(Short web captions)
+++

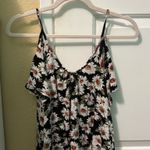 LA Hearts Daisy Tank Top  Photo 2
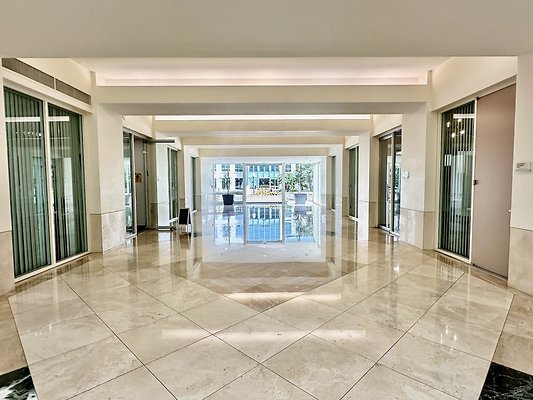WESTSIDE LOCATIONS 43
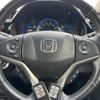 honda grace 2014 quick_quick_DAA-GM4_GM4-1000247 image 15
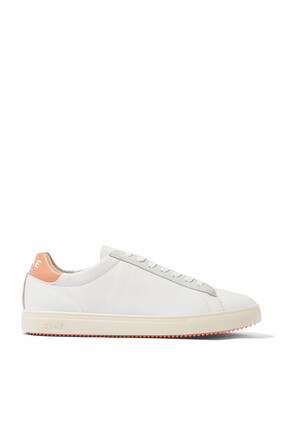 Bradley California Sneakers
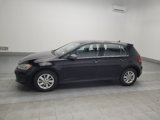 Used 2015 Volkswagen Golf S w/ Lighting Package image 2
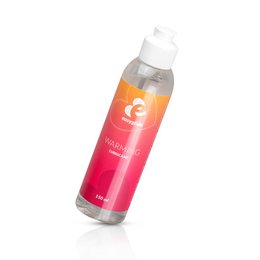 EasyGlide - Lubrificante riscaldante - 150 ml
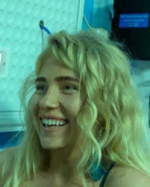 פאני אוסטנובסקי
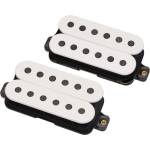EMG JR Set White Адаптер за китара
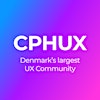 Logotipo de CPHUX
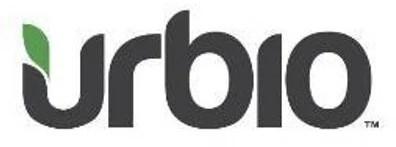 Urbio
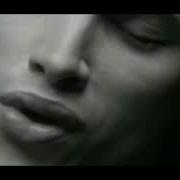 Extreme More Than Words Tradução Legendado 1990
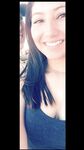 Claudia Emery, Killeen Texas slutwife craves truckers cocks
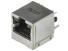 1734577-3, Модульный разъем, Cat3, RJ45, Гнездо, 8 контакт(-ов), 8 вывод(-ов), 1 порт(-ов), TE Conne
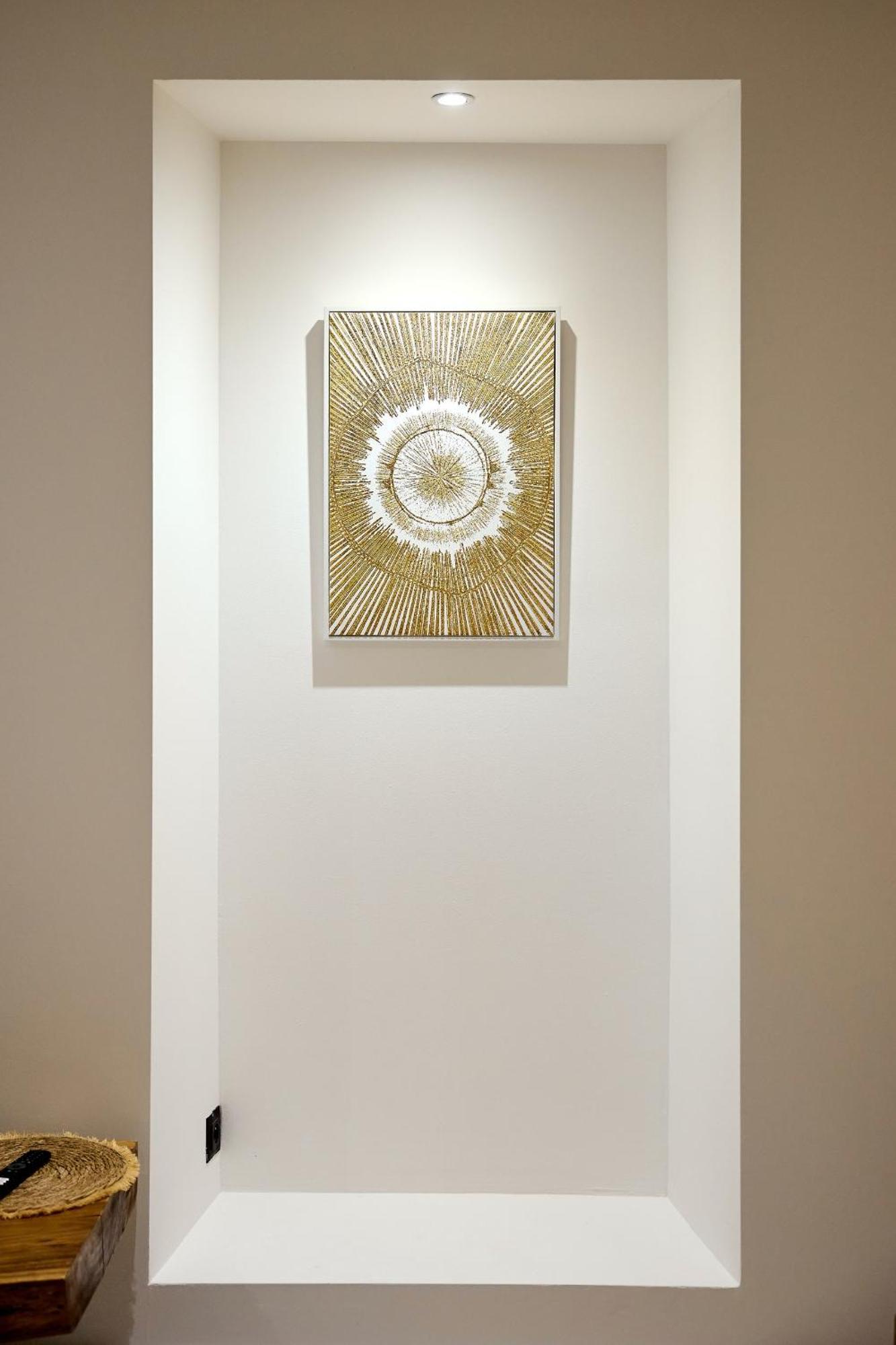 Apartment Alma Cannes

+++

What is needed is every record above printed exactly, with no pictures.

 LA Hearts Daisy Tank Top  Photo 2
WESTSIDE LOCATIONS 43
 honda grace 2014 quick_quick_DAA-GM4_GM4-1000247 image 15
 Bradley California Sneakers
 Used 2015 Volkswagen Golf S w/ Lighting Package image 2
 EasyGlide - Lubrificante riscaldante - 150 ml
 פאני אוסטנובסקי
EMG JR Set White Адаптер за китара
 Logotipo de CPHUX
 Urbio
 Extreme More Than Words Tradução Legendado 1990
 Claudia Emery, Killeen Texas slutwife craves truckers cocks
 1734577-3, Модульный разъем, Cat3, RJ45, Гнездо, 8 контакт(-ов), 8 вывод(-ов), 1 порт(-ов), TE Conne
 Apartment Alma Cannes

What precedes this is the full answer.